Technically, linear algebra is the space of mathematics that deals with vector spaces. Colloquially, linear algebra involves the manipulations of variables with many, many dimensions. It's a tricky business but absolutely essential to any data scientist. By the end of this lecture, you should be able to
It bears mentioning: if your chosen field is data science in some form, you will use linear algebra on a daily basis. Period. There is no escaping it.
There's enough to linear algebra for it to consume entire courses, so I can't possibly do it justice in one lecture. So I strongly recommend taking a linear algebra course as early as possible.
If you need any clarifications at all, or want to be pointed in a direction to learn more, please ask me! I am more than happy to help.

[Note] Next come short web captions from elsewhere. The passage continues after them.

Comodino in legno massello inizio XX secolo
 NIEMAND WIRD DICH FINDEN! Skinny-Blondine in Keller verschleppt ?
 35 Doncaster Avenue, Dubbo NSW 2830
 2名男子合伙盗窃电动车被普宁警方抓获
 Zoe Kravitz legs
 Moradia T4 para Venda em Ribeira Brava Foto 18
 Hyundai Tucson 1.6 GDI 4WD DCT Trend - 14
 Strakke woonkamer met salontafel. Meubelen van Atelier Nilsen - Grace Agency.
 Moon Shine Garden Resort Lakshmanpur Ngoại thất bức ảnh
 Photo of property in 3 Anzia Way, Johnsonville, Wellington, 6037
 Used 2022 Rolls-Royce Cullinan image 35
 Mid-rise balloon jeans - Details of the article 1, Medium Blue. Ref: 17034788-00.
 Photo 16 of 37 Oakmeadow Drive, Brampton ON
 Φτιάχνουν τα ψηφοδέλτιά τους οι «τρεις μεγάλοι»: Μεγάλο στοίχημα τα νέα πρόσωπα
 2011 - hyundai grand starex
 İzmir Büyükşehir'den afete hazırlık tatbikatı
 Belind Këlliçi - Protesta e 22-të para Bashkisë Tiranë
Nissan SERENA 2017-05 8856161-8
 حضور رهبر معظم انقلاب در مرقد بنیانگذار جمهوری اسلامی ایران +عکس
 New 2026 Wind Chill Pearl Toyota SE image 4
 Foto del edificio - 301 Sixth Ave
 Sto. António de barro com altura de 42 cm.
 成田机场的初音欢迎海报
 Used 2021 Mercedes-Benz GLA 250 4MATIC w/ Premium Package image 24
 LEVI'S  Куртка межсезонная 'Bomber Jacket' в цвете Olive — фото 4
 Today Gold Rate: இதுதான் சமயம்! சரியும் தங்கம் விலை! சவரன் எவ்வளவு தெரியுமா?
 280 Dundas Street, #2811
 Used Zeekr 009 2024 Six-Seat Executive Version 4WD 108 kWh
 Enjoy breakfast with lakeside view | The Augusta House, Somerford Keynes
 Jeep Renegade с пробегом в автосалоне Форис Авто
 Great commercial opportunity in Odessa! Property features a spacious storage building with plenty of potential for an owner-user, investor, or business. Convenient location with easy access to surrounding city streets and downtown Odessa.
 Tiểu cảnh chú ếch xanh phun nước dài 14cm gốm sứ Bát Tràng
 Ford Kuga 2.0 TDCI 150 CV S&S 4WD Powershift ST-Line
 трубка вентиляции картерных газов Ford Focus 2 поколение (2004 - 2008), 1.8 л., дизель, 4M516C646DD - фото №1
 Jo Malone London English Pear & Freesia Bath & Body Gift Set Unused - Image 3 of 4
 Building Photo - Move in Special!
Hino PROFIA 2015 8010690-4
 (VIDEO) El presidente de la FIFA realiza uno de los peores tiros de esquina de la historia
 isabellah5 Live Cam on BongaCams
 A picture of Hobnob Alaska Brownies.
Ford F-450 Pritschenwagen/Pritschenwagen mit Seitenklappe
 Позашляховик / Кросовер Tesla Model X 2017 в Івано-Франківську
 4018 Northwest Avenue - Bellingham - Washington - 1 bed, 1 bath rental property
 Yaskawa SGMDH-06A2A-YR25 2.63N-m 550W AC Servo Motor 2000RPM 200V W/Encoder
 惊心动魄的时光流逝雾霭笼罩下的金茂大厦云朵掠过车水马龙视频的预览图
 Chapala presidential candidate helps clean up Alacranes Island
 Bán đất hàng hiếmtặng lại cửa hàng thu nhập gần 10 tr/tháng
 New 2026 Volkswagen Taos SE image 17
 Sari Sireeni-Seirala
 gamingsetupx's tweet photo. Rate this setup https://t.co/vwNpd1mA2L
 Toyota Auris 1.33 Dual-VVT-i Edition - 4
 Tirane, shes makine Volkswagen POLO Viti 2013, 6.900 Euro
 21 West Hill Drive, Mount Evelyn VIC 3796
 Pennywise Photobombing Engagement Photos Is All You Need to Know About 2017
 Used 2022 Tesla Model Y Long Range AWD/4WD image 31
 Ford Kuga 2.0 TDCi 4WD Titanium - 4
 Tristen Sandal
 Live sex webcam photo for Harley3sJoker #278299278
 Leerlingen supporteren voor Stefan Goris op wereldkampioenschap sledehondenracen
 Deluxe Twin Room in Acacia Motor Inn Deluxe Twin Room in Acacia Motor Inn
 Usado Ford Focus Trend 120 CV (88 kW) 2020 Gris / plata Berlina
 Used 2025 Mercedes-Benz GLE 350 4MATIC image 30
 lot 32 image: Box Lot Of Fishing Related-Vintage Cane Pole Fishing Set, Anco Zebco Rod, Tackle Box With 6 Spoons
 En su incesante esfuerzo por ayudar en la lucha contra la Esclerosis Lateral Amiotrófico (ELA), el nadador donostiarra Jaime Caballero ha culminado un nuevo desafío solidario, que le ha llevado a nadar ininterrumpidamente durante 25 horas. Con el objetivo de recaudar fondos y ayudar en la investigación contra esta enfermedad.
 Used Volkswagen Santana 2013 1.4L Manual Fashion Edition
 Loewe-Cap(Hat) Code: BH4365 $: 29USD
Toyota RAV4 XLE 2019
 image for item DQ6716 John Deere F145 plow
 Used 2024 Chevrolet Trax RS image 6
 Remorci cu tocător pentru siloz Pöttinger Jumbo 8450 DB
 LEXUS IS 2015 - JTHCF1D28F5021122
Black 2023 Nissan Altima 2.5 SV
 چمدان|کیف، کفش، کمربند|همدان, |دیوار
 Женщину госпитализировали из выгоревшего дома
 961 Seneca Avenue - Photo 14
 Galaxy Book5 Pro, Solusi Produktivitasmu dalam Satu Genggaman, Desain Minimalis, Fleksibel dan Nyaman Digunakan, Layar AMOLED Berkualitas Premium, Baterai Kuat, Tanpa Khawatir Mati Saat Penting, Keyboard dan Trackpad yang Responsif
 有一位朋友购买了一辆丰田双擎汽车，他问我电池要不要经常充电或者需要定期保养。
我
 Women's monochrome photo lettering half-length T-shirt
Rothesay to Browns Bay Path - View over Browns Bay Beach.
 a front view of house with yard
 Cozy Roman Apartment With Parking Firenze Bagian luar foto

There's a lot of jargon associated with linear algebra. We'll touch on some of the basic terms. Head over to the Wikipedia Linear Algebra page for similar information.
For starters: use two dimensions ($x$ and $y$ values) and three dimensions ($x$, $y$, and $z$ values) as references to anchor your understanding. When we refer to "lines" and "planes", think about what they look like in these contexts.
To a certain extent, linear algebra is a generalization of the 2D (and 3D?) Cartesian plotting you've already done before now. Now we're considering lines that can have arbitrary numbers of variables, instead of just two ($x$ and $y$).
A scalar is a number. You've seen many of them and will see many more. Just a number. Hooray!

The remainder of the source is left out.